If you look at the dis.dis() for each method you'll see that the second has to perform almost twice as many steps as the first one.
In [1]: import dis
In [2]: def f(x):
....: if x: pass
....:
In [3]: def g(x):
....: if len(x) > 0: pass
....:
In [4]: dis.dis(f)
2 0 LOAD_FAST 0 (x)
3 POP_JUMP_IF_FALSE 9
6 JUMP_FORWARD 0 (to 9)
>> 9 LOAD_CONST 0 (None)
12 RETURN_VALUE
In [5]: dis.dis(g)
2 0 LOAD_GLOBAL 0 (len)
3 LOAD_FAST 0 (x)
6 CALL_FUNCTION 1
9 LOAD_CONST 1 (0)
12 COMPARE_OP 4 (>)
15 POP_JUMP_IF_FALSE 21
18 JUMP_FORWARD 0 (to 21)
>> 21 LOAD_CONST 0 (None)
24 RETURN_VALUE
Both of them need to do LOAD_FAST, POP_JUMP_IF_FALSE, JUMP_FORWARD, LOAD_CONST, and RETURN_VALUE. But the second method needs to additionally do
LOAD_GLOBAL, CALL_FUNCTION, LOAD_CONST, and COMPARE_OP. Therefore, the first method will be faster.

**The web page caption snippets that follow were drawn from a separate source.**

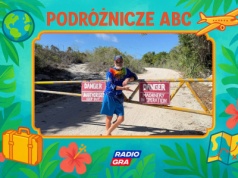 Podróżnicze ABC. Nie tylko paszport. Pamiętaj o tych dokumentach!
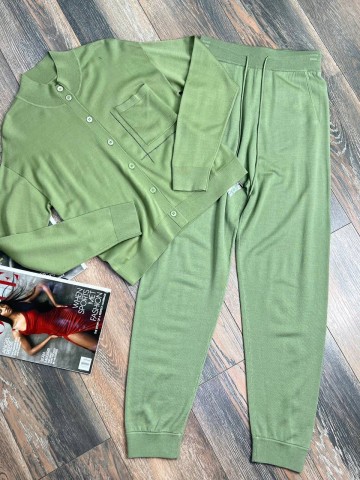 Костюм Brunello Cucinelli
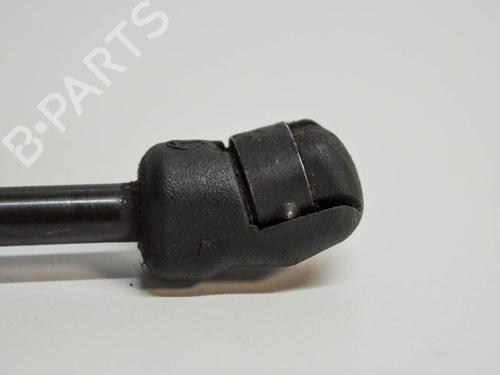 Hood lift support BMW X5 (E70) 3.0 sd | BP14669234C139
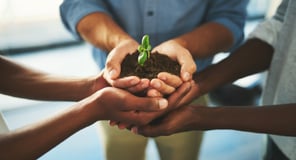 Preserve_a_Charitable_Legacy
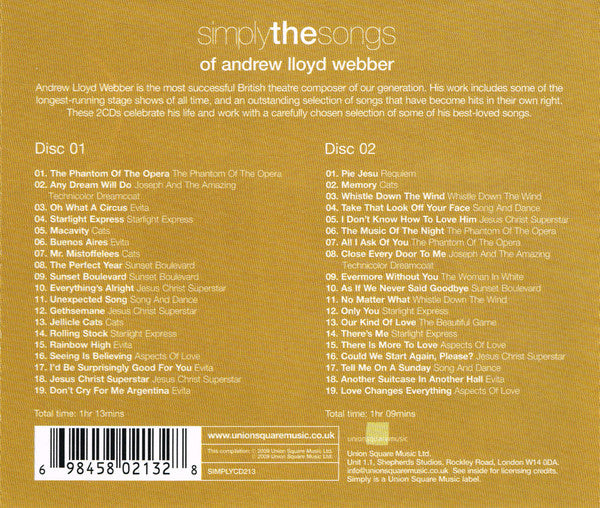 simply-the-songs-of-andrew-lloyd-webber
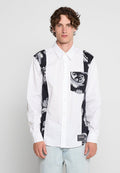 Versace Jeans Couture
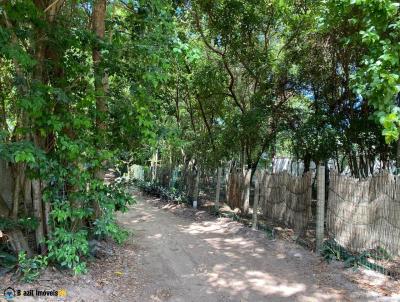 Terreno para Venda, em Tibau do Sul, bairro Praia de Pipa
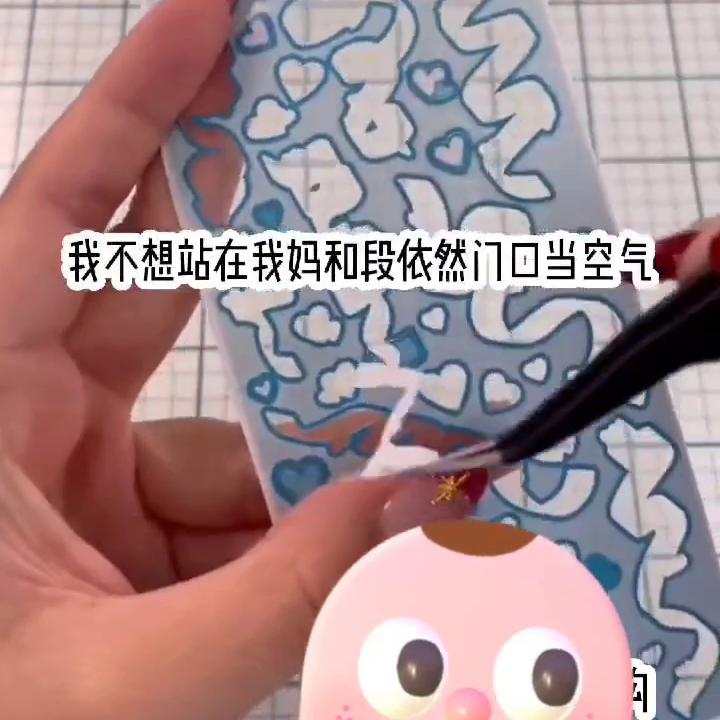人在伤心难过的时候学会独自承受,心难过的时候要学会独自承受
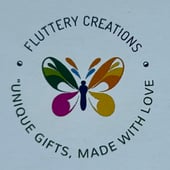Fluttery Creations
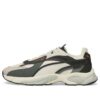 RS-Connect Splash ”Marshmallow Black”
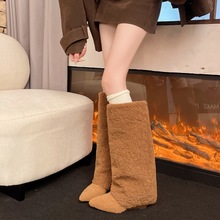 ޜůü^ëë߸LѥŮӽqͲ¸ůѩѥ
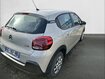 Occasion CITROEN C3 C3 PureTech 83 S&S BVM5 - YOU!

In reality, however, the difference in time between the two methods will be so minuscule that unless these if statements run millions of times in your code it will not noticeably impact the performance of your program. This sounds like an example of premature optimization to me.
Suppose I have the following, which is the better, faster, more Pythonic method
and why?
if x == 2 or x == 3 or x == 4:
do following...
or :
if x in (2, 3, 4):
do following...
In Python 3 (3.2 and up), you should use a set:
if x in {2, 3, 4}:
as set membership is a O(1) test, versus a worst-case performance of O(N) for testing with separate or equality tests or using membership in a tuple.
In Python 3, the set literal will be optimised to use a frozenset constant:
>>> import dis
>>> dis.dis(compile('x in {1, 2, 3}', '<file>', 'exec'))
1 0 LOAD_NAME 0 (x)
3 LOAD_CONST 4 (frozenset({1, 2, 3}))
6 COMPARE_OP 6 (in)
9 POP_TOP
10 LOAD_CONST 3 (None)
13 RETURN_VALUE
Note that this optimisation was added to Python 3.2 and in Python 2 or 3.0 or 3.1 you'd be better of using a tuple instead. For a small number of elements, the difference in lookup time is nullified by the set creation for each execution.